Mustafa Kemal, der heimlich den Boden von Thessaloniki betreten hatte, ging direkt zu seiner Mutter. In jener Nacht saß seine Mutter Zübeyde Hanım, die von all den Geschehnissen nichts ahnte, in ihrem Haus gegenüber der Sanayi Mektebi. Plötzlich klopfte es an der Tür. Mutter Zübeyde Hanım und ihre Schwester Makbule, die nichts von ihrem Sohn und den Ereignissen wussten, stiegen voller Angst die Treppe hinunter und gingen zur Tür;
-Wer ist da?, fragten sie.
-Macht auf, sagte Mustafa Kemal. Ich bin es, Mustafa, Mustafa Kemal, sagte er.
Ömer Naci stand am nächsten Tag auf, zog sich an und besorgte einen Bericht, damit er in Thessaloniki ungestört arbeiten konnte. Anschließend traf er sich mit Ömer Naci. Und er gab ihm folgende Anweisung;
-Heute Abend werden wir uns im Haus von Hakkı Baha versammeln...
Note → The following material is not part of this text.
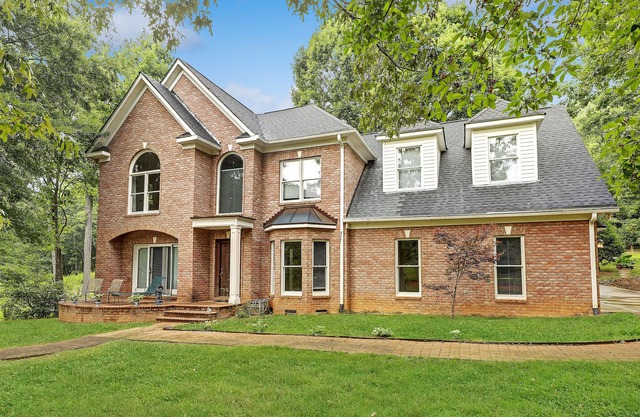 Lovely 3200sqft home 4 bedrooms, 3.5 bath overlooking pond with acres of privacy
An jenem Abend versammelten sich Ömer Naci, Mustafa Necip, Hüsrev Sami, Ahmet Tevfik, Mustafa Kemal und einige weitere Freunde im Haus von Hüsrev Sami. Das Treffen war geheim. Man unterhielt sich, trank Tee und Kaffee. Nach einer Weile richtete sich Mustafa Kemal im Sessel auf und begann mit würdevoller Stimme zu sprechen:
- Freunde!
Mein Ziel, euch heute Nacht hier zu versammeln, ist folgendes: Ich sehe keine Notwendigkeit, euch die Katastrophen aufzuzählen, die unser Land durchlebt. Das wisst ihr alle. Wir haben wichtige Pflichten gegenüber diesem unglückseligen Land. Es zu retten, ist unser größtes Ziel. Die Nation geht unter der Tyrannei und Diktatur zugrunde. In einem Land ohne Freiheit herrschen Tod und Zerstörung. Die Mutter jedes Fortschritts und jeder Befreiung ist die Freiheit.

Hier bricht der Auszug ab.